Initially, Kao spoke a phrase or two in Taiwanese or English as she placed small cards on the stage, creating a shape on the floor (Taiwan?) while saying things like, “You can’t understand dance, or me by asking questions.” Her humor is sparse but effective, like spice thrown in a stir-fry, simple and measured, as when Taiwanese muzak interrupted the seriousness of her inquiry, transporting the dance to a shopping mall atmosphere. Or when chatting with the musicians, opening beer cans for them, and taking a swig.
There is never excess in “Palimpsest Corpus,” but there is also nothing held back. Kao has a unique way of being the center of attention as a soloist without calling undue attention to herself. Instead, she gives everything and makes everything about the dance.

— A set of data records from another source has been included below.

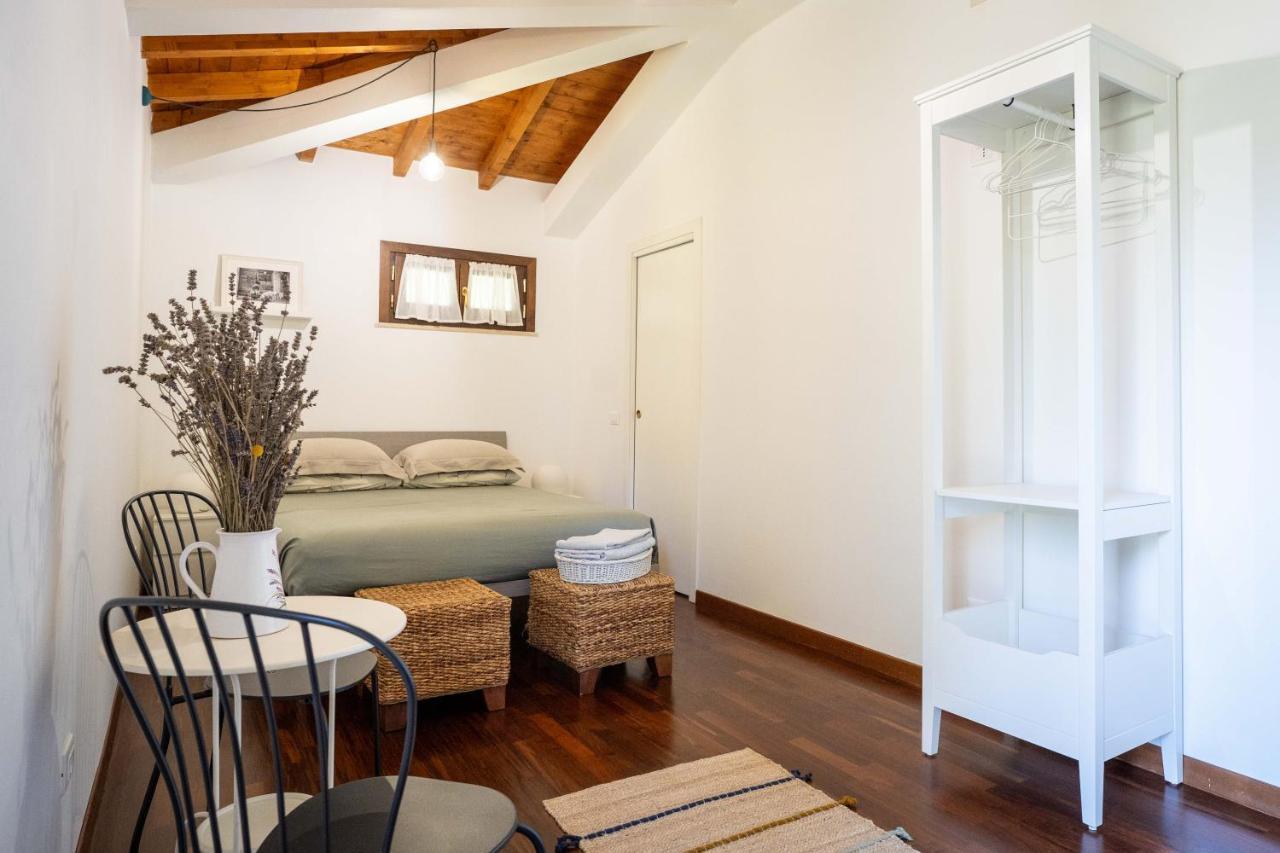 Castelnuovo Di Porto G&B Suite المظهر الخارجي الصورة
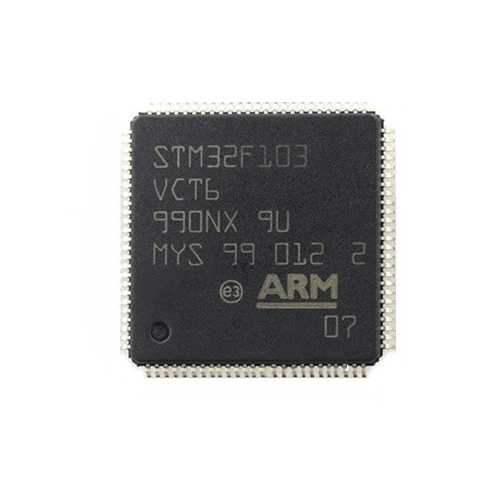 New Original Stm32f103vct6 Stm32f103 MCU IC Chip St Semiconductor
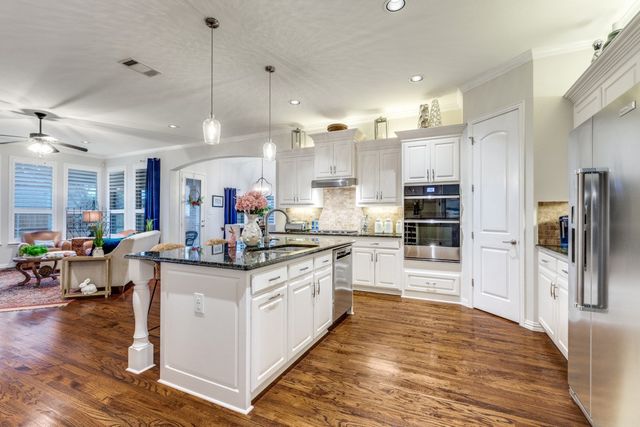 13708 Monstrell Road, Frisco, TX 75035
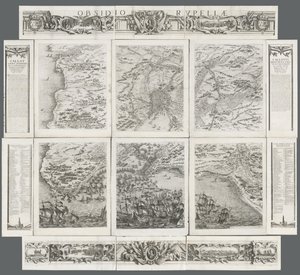La Rochellen voitot, 1628-1630.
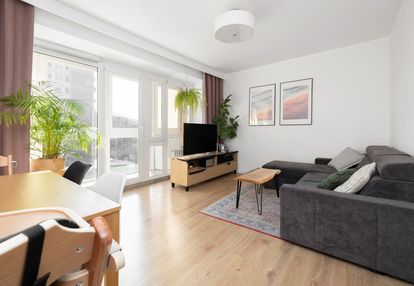 3 pokoje wrzeszcz górny - gotowe do wprowadzenia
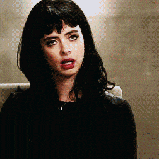 annoyed frustrated eye roll gif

“Chimera” (world premiere)—with acclaimed dancers, David Harvey and Babatunji—is a steamy, erotic, over-indulgent puppy pile, power play, and sensual contortion between two stunning male dancers and longtime friends. Who, from interweaving their bodies, create a phantasmagoric Frankenstein of parts, limbs, heads, or misplaced arms. Like an octopus with a brain in each of its limbs, these parts tell their own story and have their own emotional needs as dancers go from hoodies on to hoodies off, t-shirts on, t-shirts off, giving a glimpse of their chiseled physiques, teasing, seducing, and playing with very mutable boundaries, their history and the nature of relationships.

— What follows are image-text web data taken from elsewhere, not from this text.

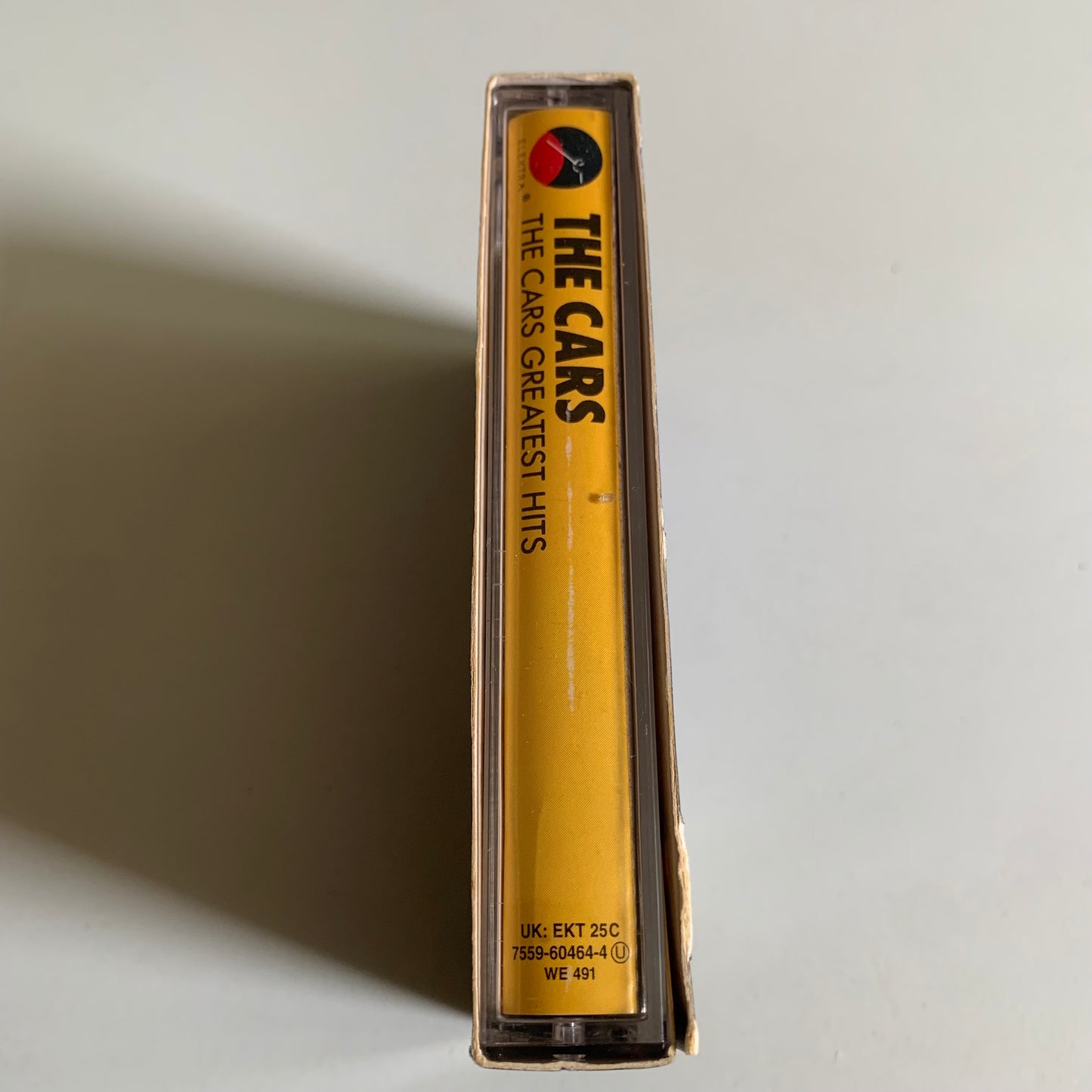 Compilation - The Cars - The Cars Greatest Hits - 1985 Occasion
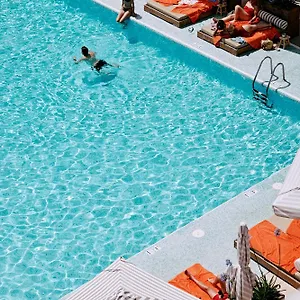 Hotel Hyde Ibiza Cala Llonga (Ibiza)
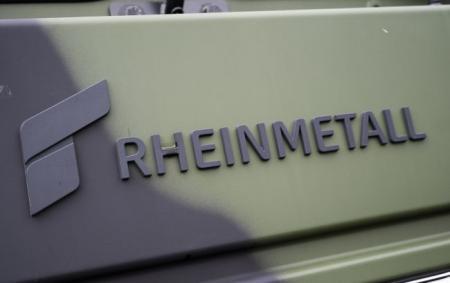 Рютте повідомив, що Rheinmetall скоро завершить зведення свого другого заводу в Україні.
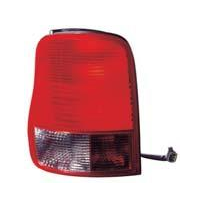 Kia Carnival 01-02 Piloto Tras Izq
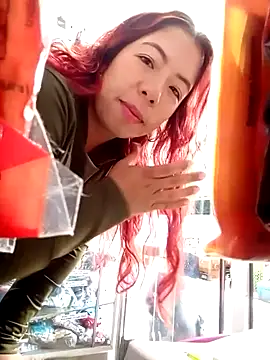 camimar23 online show from November 14, 5:46 pm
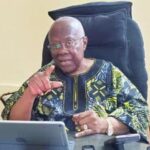 PDP Will Address Wike's Issue This Time Around, Grace Period Has Expired - Bode George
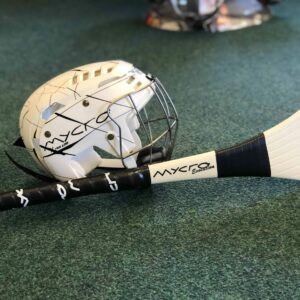 Mycro Evolution White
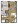599 sq. ft. Minimalist floor plan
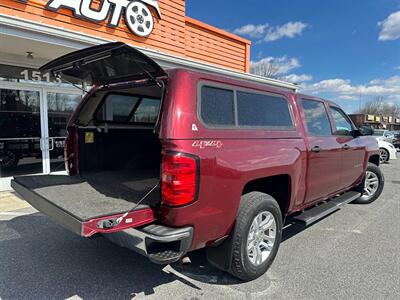 2014 Chevrolet Silverado 1500 LT   - Photo 31 - Frederick, MD 21702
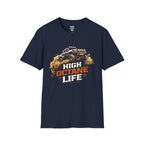 High Octane Life T-Shirt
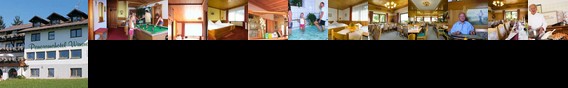 Panoramahotel Wimmer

Harvey begins in boxer shorts, submissively crawling on his knees across the stage to Babatunji’s extended hand, nuzzles it, smells it, longs for it…suggesting role play, a power exchange before encouraging Babatunji to smack Harvey’s hand against Harvey’s own forehead, as if to say, “Harder. harder!” Or, “Free me. Wake me up.” as he repeats the action several times. Is his longing a vain desire, unrealistic, wild, as foolish as Icarus’s wings? Are these terms not used to describe the word chimera, which also means a monster made from disparate parts? Harvey’s handsome face is transparent and vulnerable, communicating an appetite for intimacy, a closeness that exceeds physicality, and one that he seems to share with Babatunji—trusting their bodies and souls to each other’s catch, embrace and, on occasion, a squish.

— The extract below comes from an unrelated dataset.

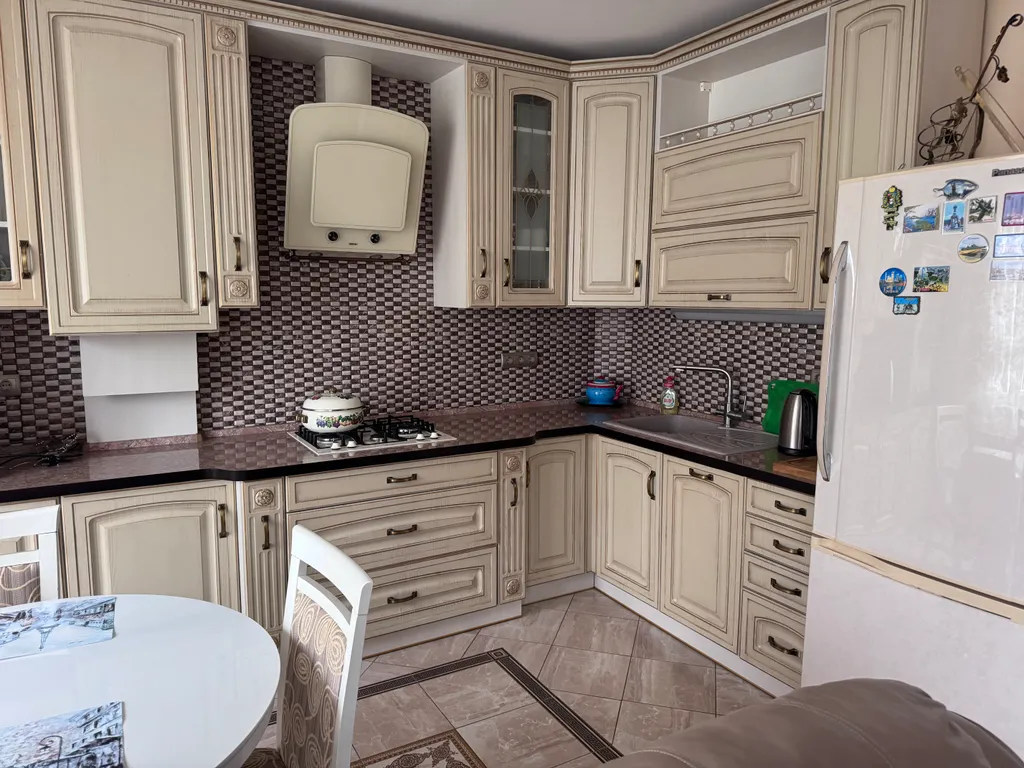 Лучшее место на побережье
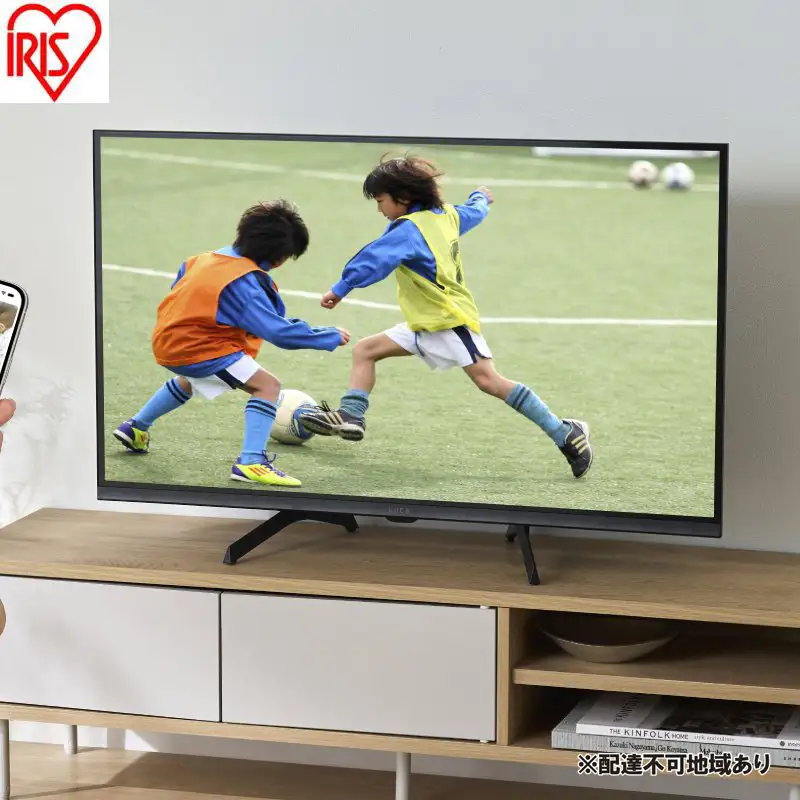 テレビ Google液晶TV 32V型 LT-32WGX-F1  テレビ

Between segments, whimsical block print-like images float down or sail across the screen behind them. The images look like the Milagros made by silversmiths of dismembered heads, arms, and legs that clump together into piles or transform into mix-matched creatures.
In one segment, they stand together on a chair downstage, limiting their movements and balance as if they are the two serpents intertwining on the Rod of Asclepius. They are two halves that can’t exist without the other, like the black and white shapes that make the yin/yang symbol. In the next, they soar across the stage, synchronized into expansive glides and slides, arms extended. They seem made for each other, a projection of each other, transformed by the morphing inherent in relationships. Hopefully, more collaborations between these two fine dancers are in the mix.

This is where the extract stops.